Turkey to exhaust diplomacy before striking
Turkey said on Monday it will exhaust diplomatic channels before launching any military strike into northern Iraq to root out Kurdish rebels, who killed at least a dozen Turkish soldiers in fighting over the weekend.
Turkey has built up its forces along the border with Iraq in anticipation of an incursion against rebel bases but Prime Minister Tayyip Erdogan has said he will hold off for a few days to let the United States try to curb the Kurdish separatists.
Washington, in turn, urged the Iraqi government on Monday to act swiftly to stop Kurdish rebels from mounting further attacks in Turkey.
"We do not want to see wider military action on the northern border," White House spokesman Tony Fratto said.
Washington and Iraq have been calling on Turkey to refrain from a military push into the largely autonomous Kurdish region, one of the few relatively stable areas since a U.S.-led invasion in 2003.
The office of Iraqi President Jalal Talabani, a Kurd, told Reuters the rebels would announce a ceasefire on Monday evening.
Erdogan is under pressure from his military and the public to strike in Iraq against the outlawed Kurdistan Workers Party (PKK) rebels, who have killed some 40 soldiers in the past month.
After speaking with U.S. Secretary of State Condoleezza Rice on Sunday, Erdogan agreed to hold off for a few days and he left for an official visit to Britain on Monday.
Erdogan has been resisting a cross-border operation and his foreign minister, Ali Babacan, was quoted on Monday as saying: "We will try all diplomatic means before carrying out any military operation."
But the decades-long fight against the PKK, which wants an independent homeland in southeast Turkey and northern Iraq, is highly emotive and Ankara confirmed eight of its soldiers were missing after the recent fighting.
The pro-PKK Firat news agency said eight soldiers had been captured and gave the names of seven men.

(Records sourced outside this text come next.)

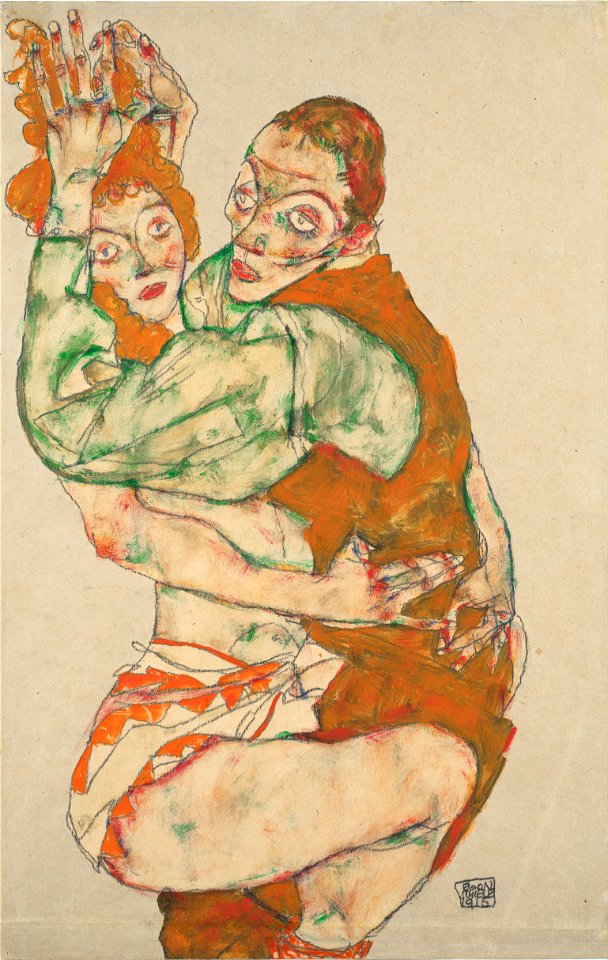 Egon Schiele - Lovemaking - Google Art Project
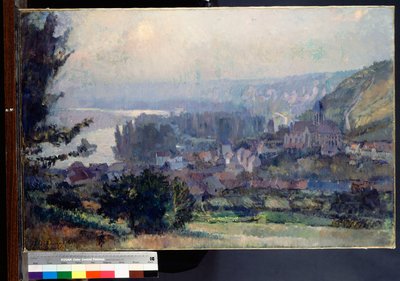 Utsikt över Vetheuil, solnedgång, 1897 av Albert Charles Lebourg
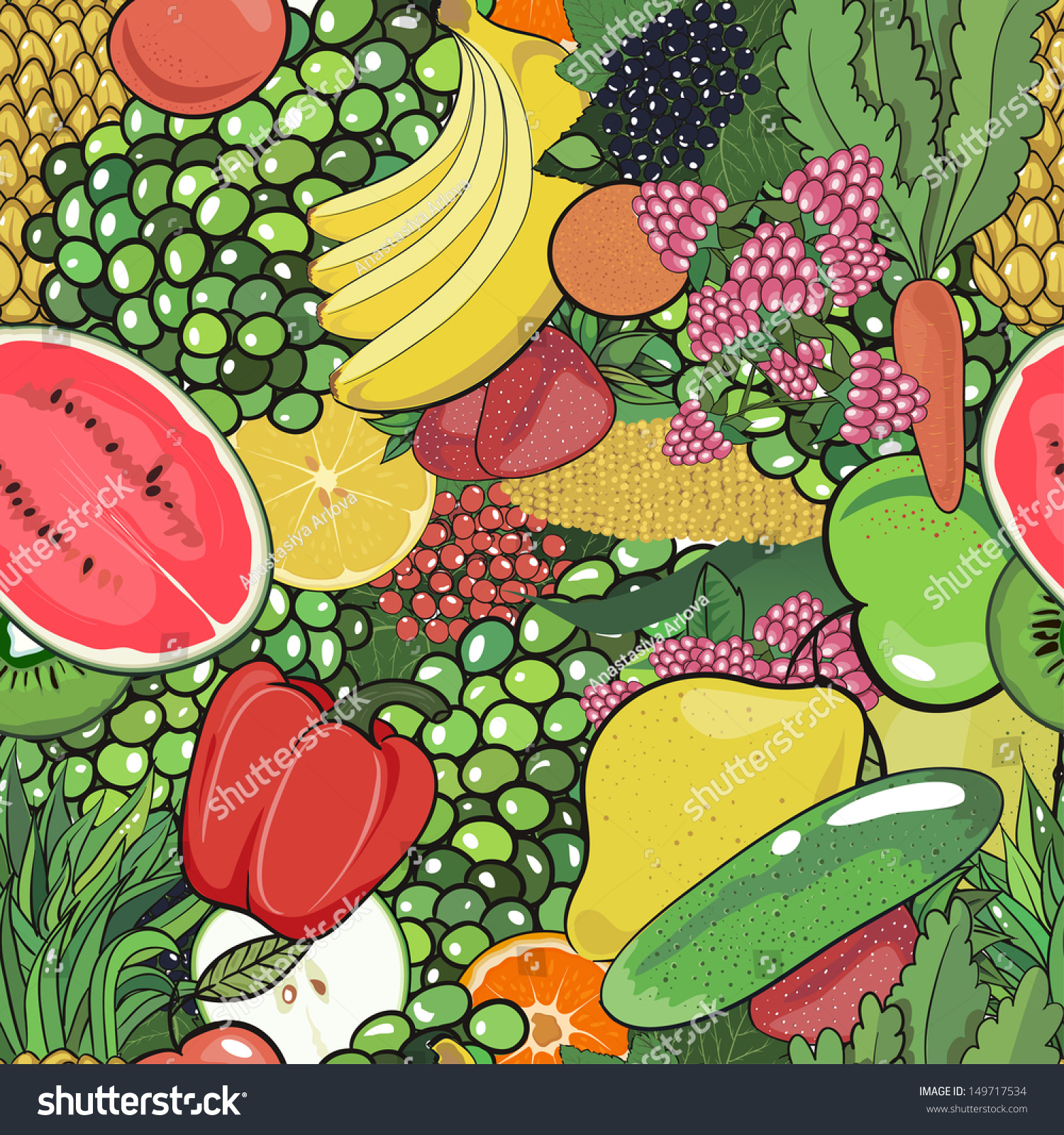 Seamless Pattern Fruits Vegetables Berries Bright Stock Vector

Turkey has denied any of its soldiers were captured in the fighting.
MARKETS JITTERY
The Turkish lira currency fell three percent to 1.2360 against the dollar and the Istanbul stock exchange fell five percent on Monday on the concerns of a cross-border offensive.
Turkey's tougher stance has helped propel global oil prices to record highs over the past week. The PKK has said it might target pipelines carrying Iraqi and Caspian crude across Turkey.

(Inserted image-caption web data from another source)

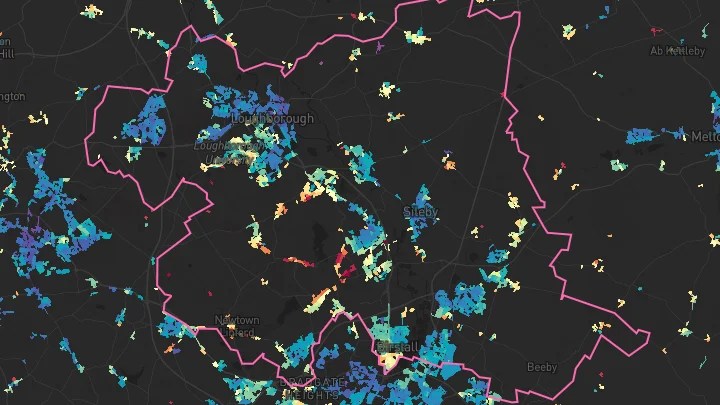 House price heatmap showing property values across Charnwood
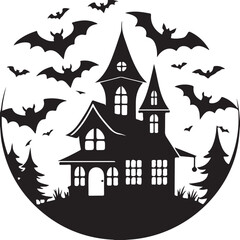 A spooky haunted house silhouette against a full moon on a dark autumn night with bats flying around
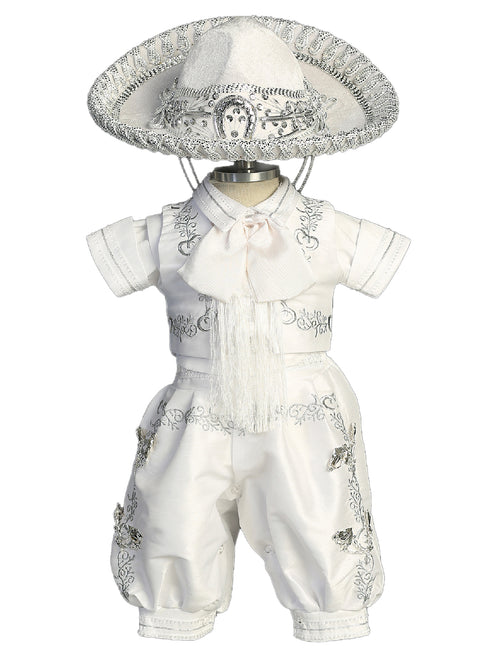 Tip Top Kids Little Boys White Virgin Mary Mini Charro Baptism Outfit Newborn-4 - SophiasStyle.com
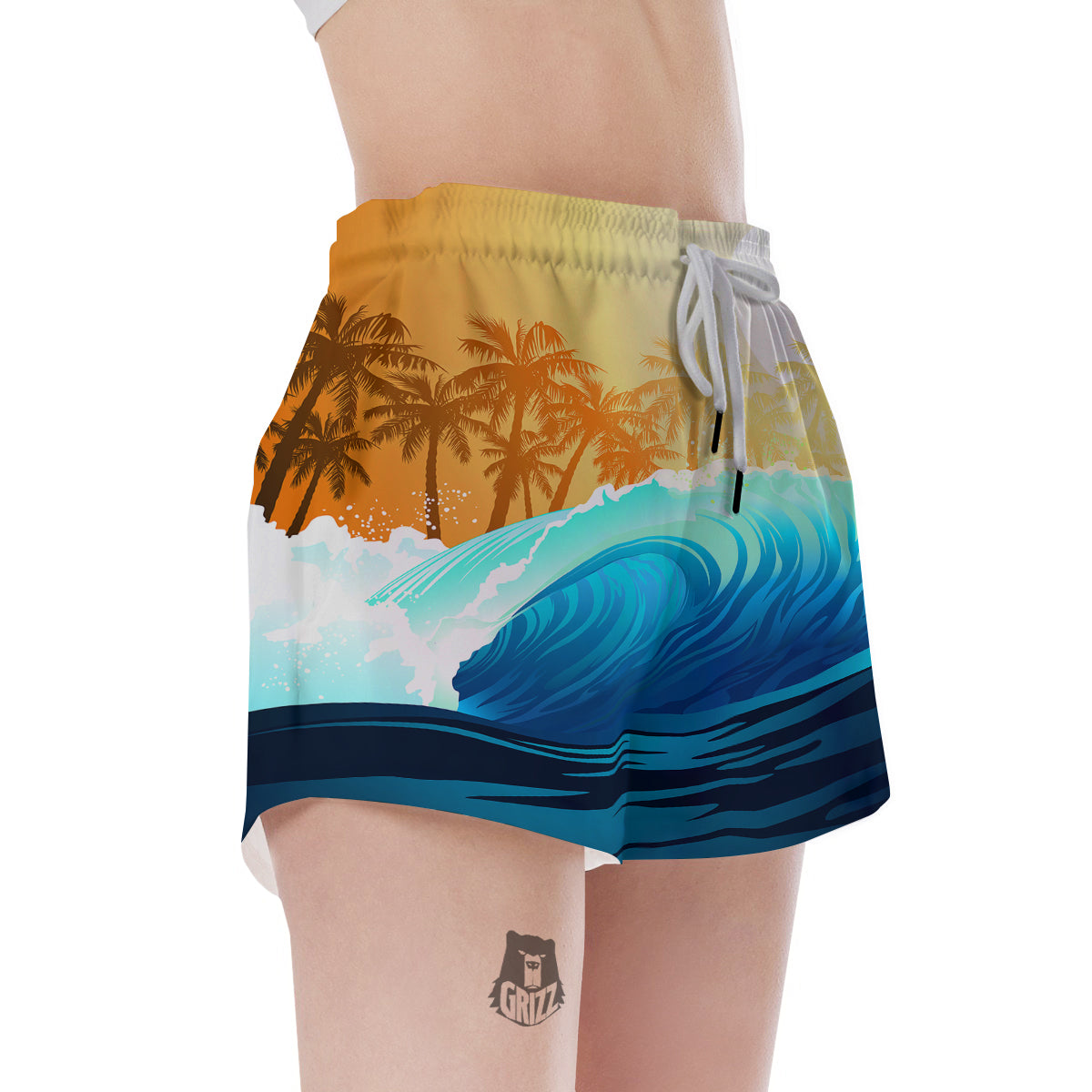 Sunrise Tropical Surfing Wave Print Women's Shorts-grizzshop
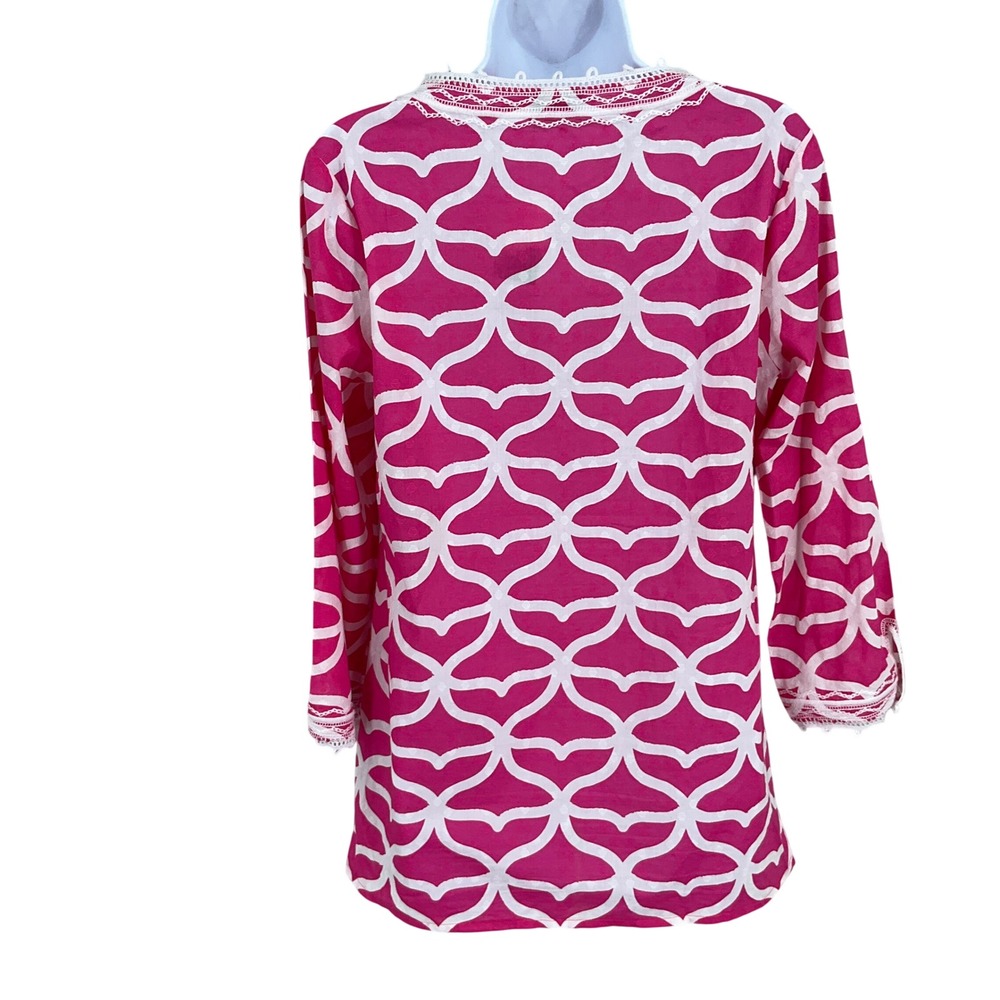Vineyard Vines Tunic Top Women XS Pink Cotton Geometric Lace Trim Coastal Preppy - Picture 2 of 10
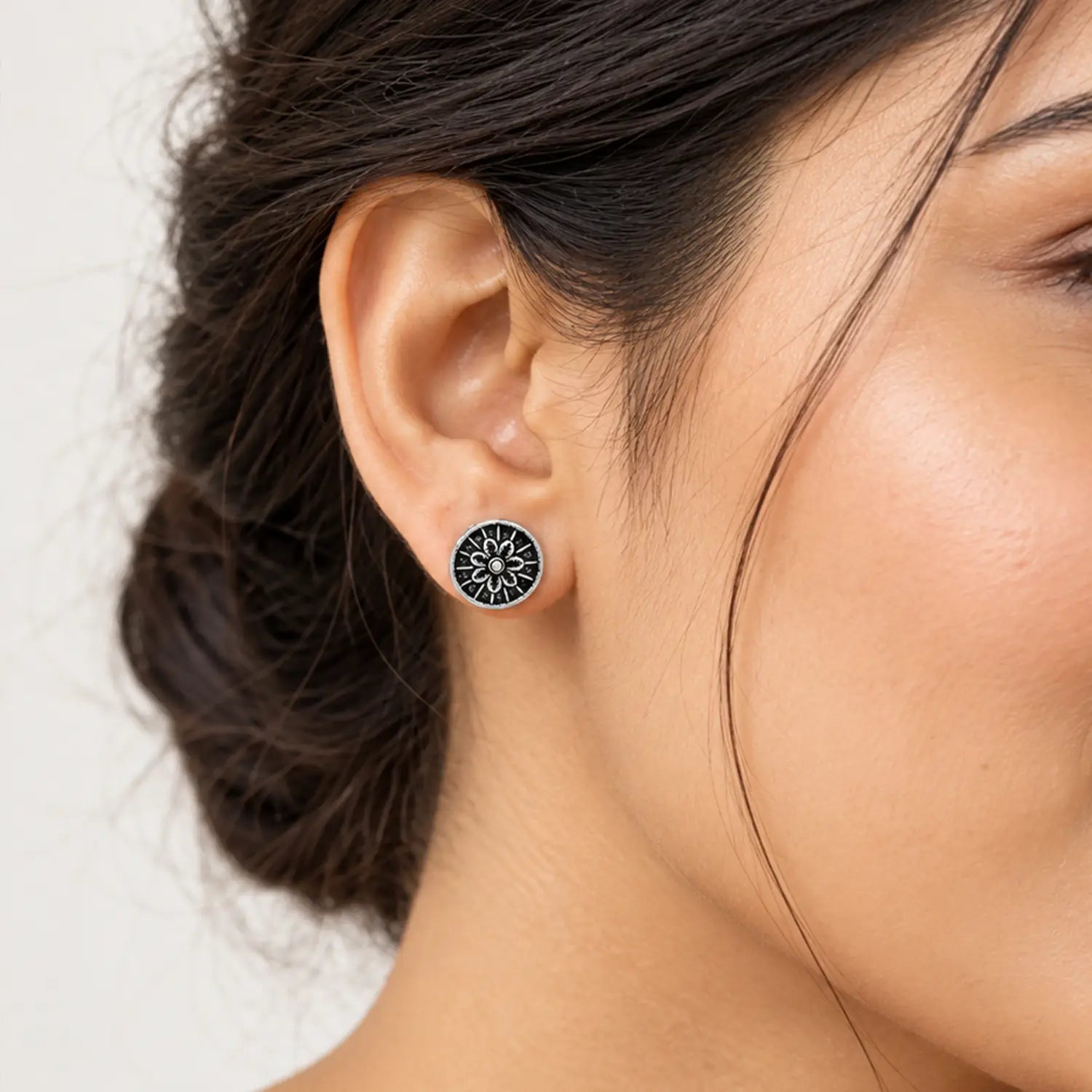 Vintage Floral Oxidised Silver Stud Earrings - Made With Pure 925 Silver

The General Staff said 12 soldiers died in Sunday's fighting and 34 rebels had been killed in an army offensive backed up by attack helicopters and artillery over the past two days.
Turkey has deployed as many as 100,000 troops, backed by tanks, F-16 fighter jets and helicopter gunships along its border with Iraq in anticipation of a possible incursion.

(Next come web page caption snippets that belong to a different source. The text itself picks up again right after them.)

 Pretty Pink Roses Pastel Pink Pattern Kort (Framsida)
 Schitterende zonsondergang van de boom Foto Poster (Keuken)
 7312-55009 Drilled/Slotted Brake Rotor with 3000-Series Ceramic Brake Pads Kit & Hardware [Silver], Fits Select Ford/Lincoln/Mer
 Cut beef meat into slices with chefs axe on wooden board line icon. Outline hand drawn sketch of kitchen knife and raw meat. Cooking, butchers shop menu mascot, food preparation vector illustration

A Reuters reporter said he saw army trucks transporting artillery guns and other weaponry towards the border.
Turkey estimates 3,000 PKK rebels are based in Iraq. Ankara believes U.S. occupying forces in Iraq could, if they wanted, capture PKK leaders hiding in the Qandil mountains, shut down their camps and cut off supply routes and logistics support.
But Washington is hesitant as such moves could destabilize Iraq's Kurdish region and hurt the regional authority there if it looked as if it were siding with Turkey against fellow Kurds.
Turkish media said more than 200 rebels were involved in the ambush on Sunday morning in mountainous Hakkari province.
In Ankara, some 8,000 students joined an anti-PKK rally on Monday, one of many staged in the past 24 hours in this Muslim country of 75 million. Opposition leader Deniz Baykal repeated his demand for an urgent cross-border operation.